I've built many servers, embedded systems, and even desktop systems that don't use any swap at all. Many more I limit the amount of swap greatly. The overall responsiveness is much better if you don't use swap and I find system stability to be better. Really it doesn't matter what the systems are used for or how many apps are being ran.. it's just how much memory you're going to use compared to the amount of physical memory you can afford. You can run out of memory just as easily using swap as you can while limited to physical memory.. the main difference being that the recovery of the sitution is much worse in the case of using swap. Quite often the system starts to churn and then grinds to a halt. Without swap those tasks just die and everything else keeps running. Setting memory limits on tasks is a good way of ensuring which tasks are killed first but I'd like to see better control of this given to the admin.
At what price learning? At what cost wisdom? The price is a man's peace of mind, and the cost is his life.
A swapless system won't be faster for the same workload, usually the contrary, in fact, since lack of swap denies the system the opportunity to optimize RAM hit ratios. What a swapless system can do is force admission control on new processes in the system, thus enforcing a no-overcommit policy on RAM, and therefore increasing responsiveness at the expense of global throughput.
Swap thrashing in a desktop environment is usually the sign of a workload that is too high for available memory, e.g. trying to run far too many apps simultaneously. No amount of OS smarts is going to compensate for overbooking RAM with too large a working set. The solution is to increase RAM or not run as many apps simultaneously.
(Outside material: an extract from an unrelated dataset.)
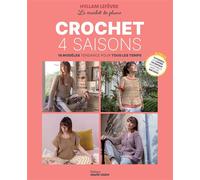 Le Crochet au fil des saisons: 16 modèles crochetés pour tous les temps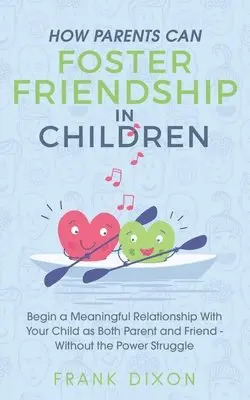 Frank Dixon - How Parents Can Foster Friendship in Children, Häftad. Tillgänglighet: Lägg i varukorg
Swap thrashing in a server environment is usually the sign of improper server configuration. Naive administrators configure too many processes, thinking they will avoid a bottleneck if all server processes are busy, but all they achieve is turning RAM into the bottleneck rather than the server processes themselves. If you have a web server and configure Apache to have too many running processes, these processes will spend their time contending for RAM instead of doing useful work. Too many cooks spoil the broth. A swapless system would prevent excessive Apache processes from starting in the first place, thus alleviating the problem (at the expense of high error rates, which is probably not acceptable), but performance won't be anywhere as good as a system with swap and properly sized Apache process limits.
Swap is not a panacea. It should not be used to protect against runaway processes (setrlimit is here for that). It is useful in absorbing sporadic spikes in traffic without causing denial of service, and to shunt away uselessly allocated virtual memory (ahem, memory leaks).
As for the idea of putting swap on a RAMdisk, it is completely brain-dead (unless you have exotic memory arrangements such as NUMA) - the kernel is going to waste a lot of time copying memory from the active region to the ramdisk region and back. A straight swapless system will be preferable.
There is no hard and fast rule for sizing swap, it depends on your workload, such as the average ratio of RSS to SIZE. The usual rule of thumb is between 1x and 2x main memory.
Surely if your system runs out of RAM it shouldn't die? The runaway process, sure, but the OS should be able to reclaim some RAM from that and manage to carry on, no?